#### [SUPPLIED DATA]
************

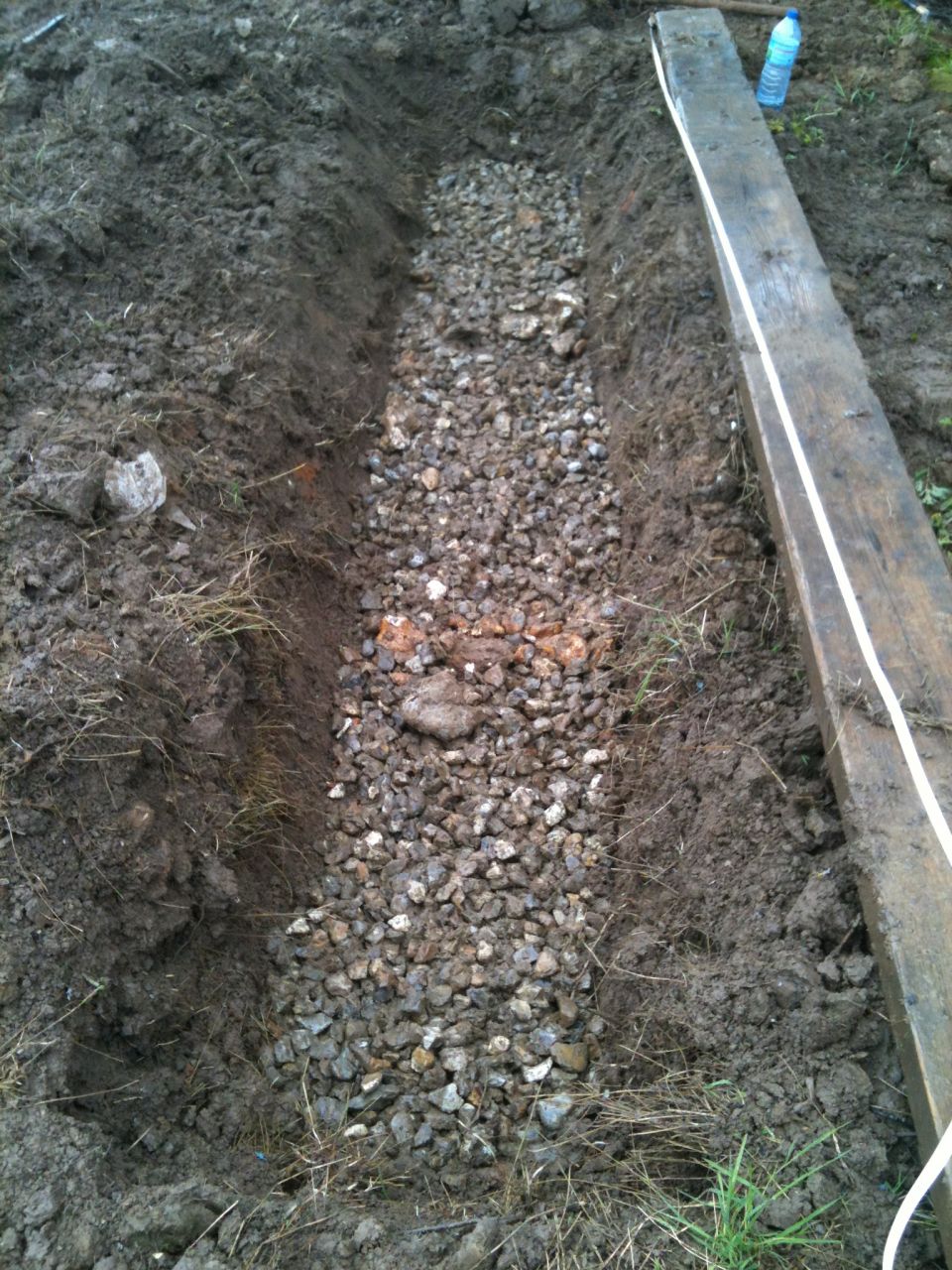 Debut de la haie, tranch�e plus drainage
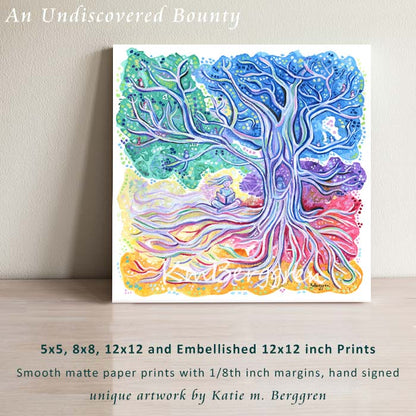 woman reading beneath beautiful colorful tree with birds and visual texture, warms and cools, organic patterns, kmberggren painting, paintings of trees and nature
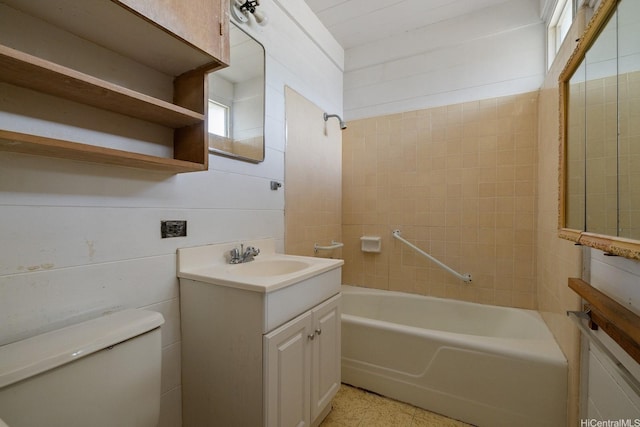 2137 Oahu Ave, Honolulu, HI 96822 - bathroom featuring vanity, toilet, and washtub / shower combination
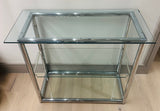 1970s Small Tubular Chrome & Glass Shelving Unit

************

#### [EXERCISE AIM]
With the pictures left out, output exactly the lines that begin at the line containing "2137 Oahu Ave, Honolulu, HI" and end at the last line of the material.

#### [RESPONSE BELOW]
 2137 Oahu Ave, Honolulu, HI 96822 - bathroom featuring vanity, toilet, and washtub / shower combination
 1970s Small Tubular Chrome & Glass Shelving Unit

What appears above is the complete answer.